At this point the rest of the world is doing whatever it can to survive the sorry state of the global economy. I recently visited Spain, which currently has an unemployment rate of 26 percent and is expected to be at 27 percent by the end of the year. The gross domestic product has shrank by 1.4 percent, meanwhile a banking bust has all but wiped out most private savings banks as the result of a huge mortgage crisis. Spain’s massive debt has required bailouts from the European Union to stay afloat. And of course everyone knows about Greece’s massive debt... Combine unrestrained spending, cheap lending, and zero financial reform in an already unstable environment and you have the perfect recipe for collapse amidst a global economic downturn. Italy’s inflexible labor market, poor tax collection, and low fertility have it along the same course. As you can imagine, these three countries, along with Slovenia, have become a giant anchor around the necks of the EU.

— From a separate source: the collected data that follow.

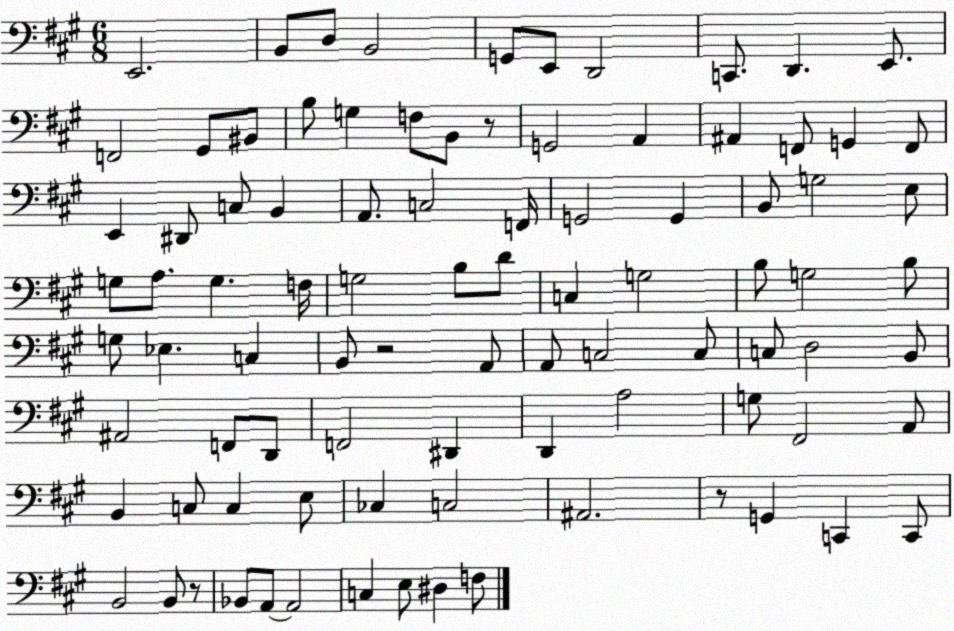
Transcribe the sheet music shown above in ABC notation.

X:1
T:Untitled
M:6/8
L:1/4
K:A
E,,2 B,,/2 D,/2 B,,2 G,,/2 E,,/2 D,,2 C,,/2 D,, E,,/2 F,,2 ^G,,/2 ^B,,/2 B,/2 G, F,/2 B,,/2 z/2 G,,2 A,, ^A,, F,,/2 G,, F,,/2 E,, ^D,,/2 C,/2 B,, A,,/2 C,2 F,,/4 G,,2 G,, B,,/2 G,2 E,/2 G,/2 A,/2 G, F,/4 G,2 B,/2 D/2 C, G,2 B,/2 G,2 B,/2 G,/2 _E, C, B,,/2 z2 A,,/2 A,,/2 C,2 C,/2 C,/2 D,2 B,,/2 ^A,,2 F,,/2 D,,/2 F,,2 ^D,, D,, A,2 G,/2 ^F,,2 A,,/2 B,, C,/2 C, E,/2 _C, C,2 ^A,,2 z/2 G,, C,, C,,/2 B,,2 B,,/2 z/2 _B,,/2 A,,/2 A,,2 C, E,/2 ^D, F,/2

When you take a global perspective, the United States is like many large countries, burdened by an enormous amount of government spending that offsets its equally large GDP. It is the natural result of substantial growth, that you become less efficient. This happens in the business world constantly, which is why consultants like “The Bobs” are periodically called in to trim the fat. With the current budget crisis, it will be the government’s task to cut spending, but believe it or not, subsidies and tax breaks for corporations are not on the hot list. What is? Healthcare, Medicaid, and “entitlement programs.” I guess it’s a good thing the Chevy Volt and gas are so cheap, I’ll need to save up every penny I can for healthy food, the privilege of getting sick, and having kids.

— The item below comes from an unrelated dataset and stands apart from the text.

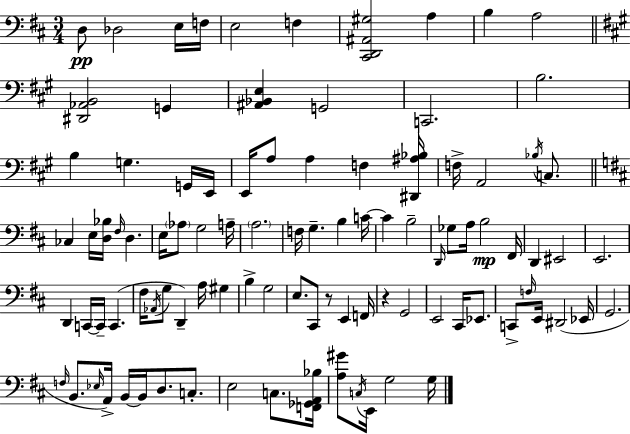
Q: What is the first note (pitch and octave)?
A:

Whether I agree or disagree with how the government spends money, I do feel that it is their place to do so. But that certainly doesn’t mean that they don’t put their hands where they don’t belong—particularly when it comes to individual rights and “law enforcement.” Google reported that it complied in full or part with only 88 percent of total requests from American authorities from July to December 2012, requiring law enforcement to obtain a warrant in other instances. Meanwhile 22 percent of those 8,400-plus requests were made via the rather outdated Electronic Communications Privacy Act (ECPA). A few months after this story broke, police were raiding the Kansas City-suburban home of a family of four, including two former CIA employees, at 7 am because they had purchased some as-yet-unused hydroponic farming equipment. Apparently that passes for probable cause in a drug case in Kansas. And just in case you thought you were safe somewhere outside of your home, now you have to worry about government—or privately—owned drones flying above you. Now I know why people move to wooden shacks in Montana.